Dónal from Sweden and Georgia from Australia stayed at the hotel to rest, but Caroline and Sam from Australia decided we should visit the Rainbow Park we had heard about. A quick taxi ride, and we were whisked into a magical world of…knockoff American cartoon characters! Taman Pelangi had everything from Disgruntled Avians (Angry Birds)…
to Arachnid Male (Spider Man)!
Greetings Feline (Hello Kitty) and Mikey Rodent (Mickey Mouse) also made appearances. (I don’t actually know what the characters were called, but I can only assume due to copyright infringement that they couldn’t be called by their original names.)

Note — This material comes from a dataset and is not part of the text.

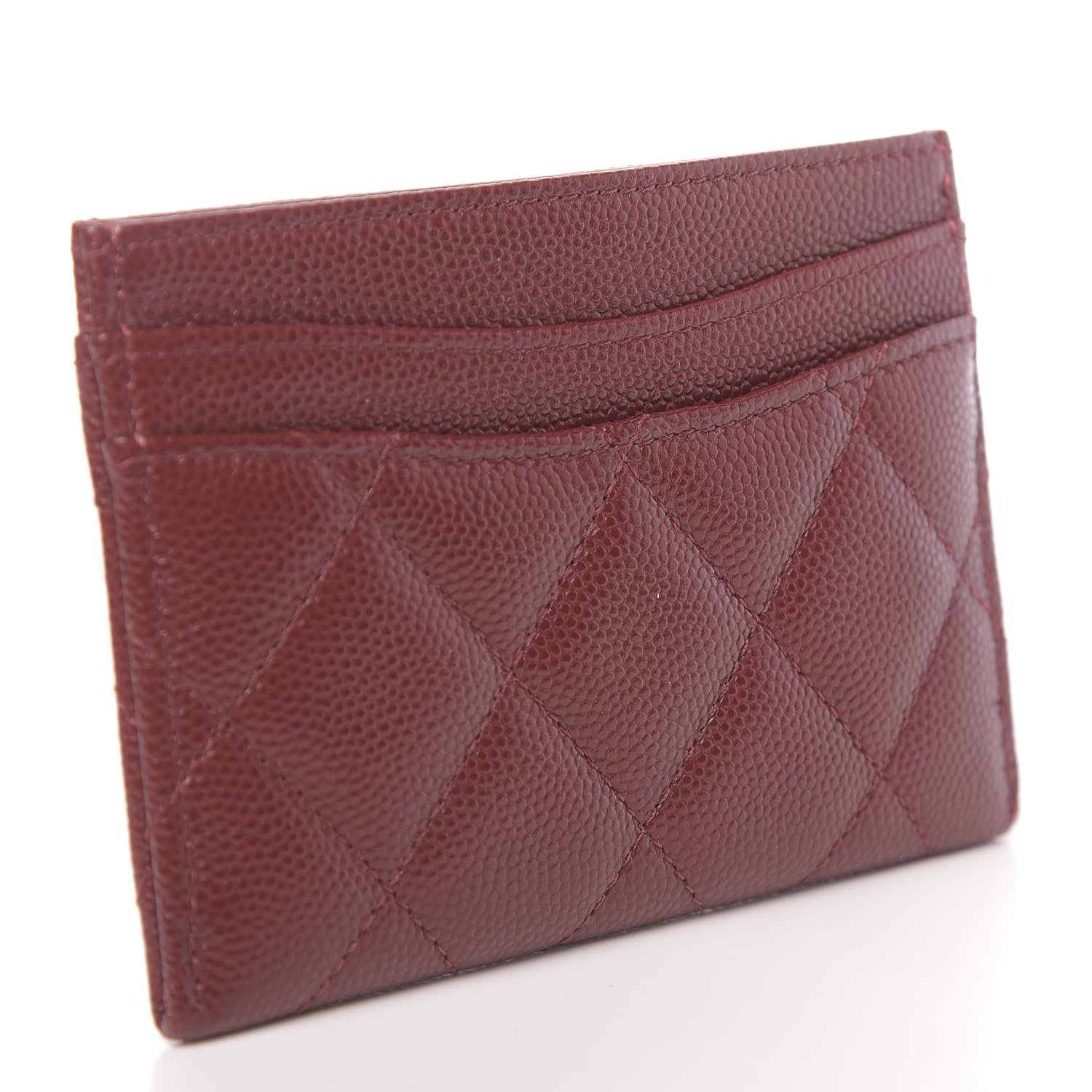 Chanel Caviar Quilted Card Holder Burgundy 3 of 9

It was surprisingly challenging to stay standing up, so we wobbled and crashed around for a good 5 minutes, and by the end, we were all gasping for air – partly from laughing, and partly because we had been inhaling and exhaling the same air for 5 minutes. The inside of the ball was so foggy I could barely tell where the pier was!

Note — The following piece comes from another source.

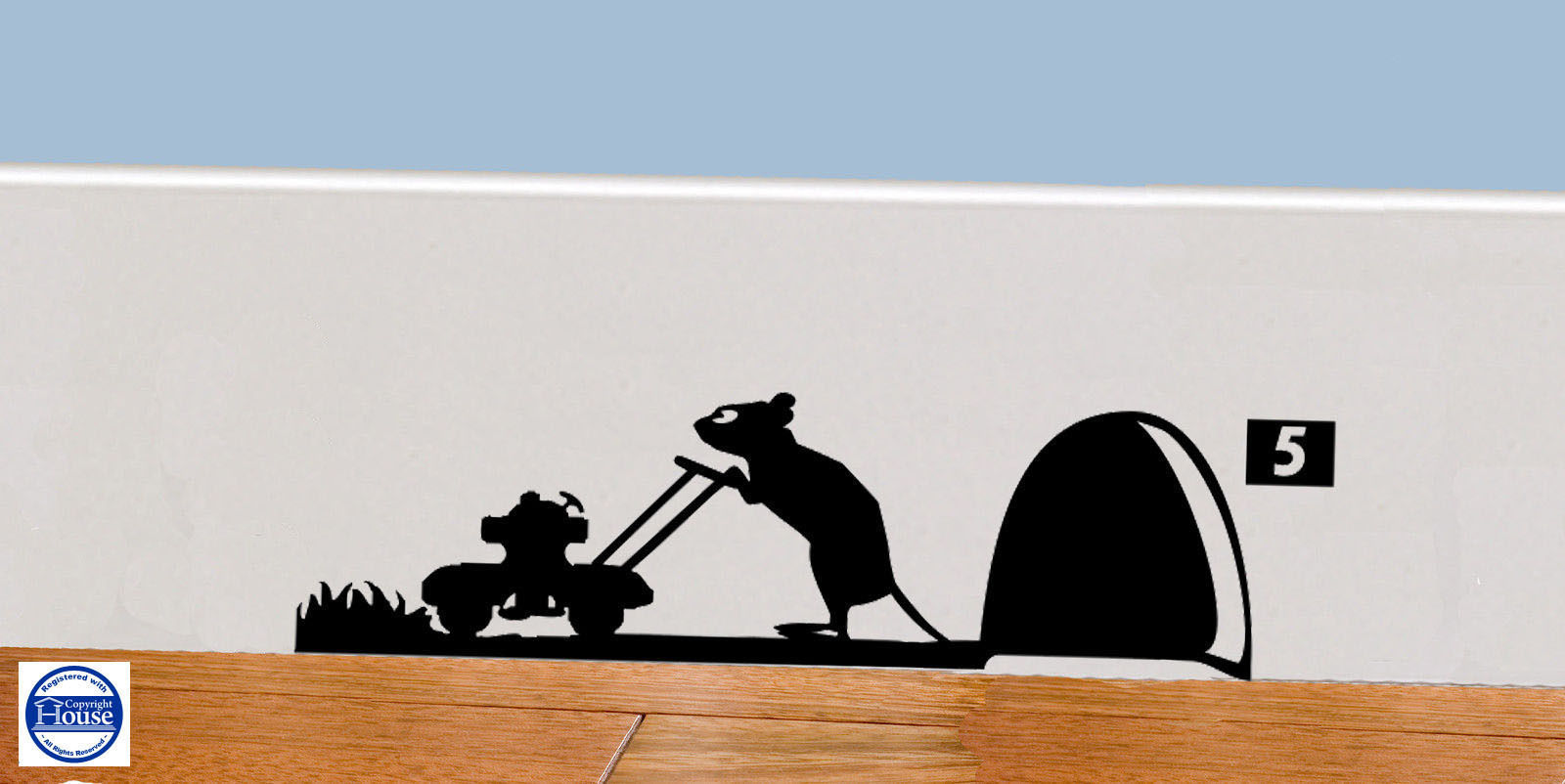 Mouse Hole Wall Art Sticker Artist Vinyl Decal Mice Home Skirting Board Funny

Miraculously, we emerged from our hamster balls safe – if not a little sweaty, damp (from water leakage), frizzy-haired, brush-burned and light-headed.
I have no hesitations in saying that was easily one of the top 10 sketchiest things I’ve ever done in my life!
After our bout of Bola Air, we were clearly up for some more unhealthy decisions, and Caroline suggested stopping at McDonald’s (or what she kept calling “Macker’s”) to compare the burgers in Indonesia to the ones back home!
The place looked pretty familiar – and now having been in McDonald’s in 4 countries (not something I take pride in) – I can honestly say they’ve pretty much preserved the landmark brand of the golden arches across cultures, aside from a few variations here and there. (Macarons in France, Rice Porridge in Indonesia and Gallo Pinto in Costa Rica). Oh – and based on the size of the ketchup containers in Indonesia, Indonesians don’t care much for ketchup!
But comparing food wasn’t the only thing we did. I mentioned “Mackers” earlier… It only took me until this week to figure out that Caroline and Sam from Australia were actually calling McDonald’s Maccas!
Caroline and I joked several times that we could literally write a BOOK with all of the differences in colloquial phrases between Americans and Aussies (and Brits!)! I’ll try to sum up a few main ones here:
An Aussie might say: “How you going, mate? I’m keen to go and get heaps of burgers from Maccas, but then I reckon I’d have to use the toilet afterwards! Jokes! I’ll just throw this rubbish in the bin and then hop in the queue. Would you mind taking a photo for me?”
An American might say: “What’s up, man? I want to go and get a bunch of burgers from Mickey D’s, but then I bet I’d have to use the bathroom afterwards! Just kidding! I’ll just throw this trash in the trash can and then get in line. Would you mind taking a picture for me?”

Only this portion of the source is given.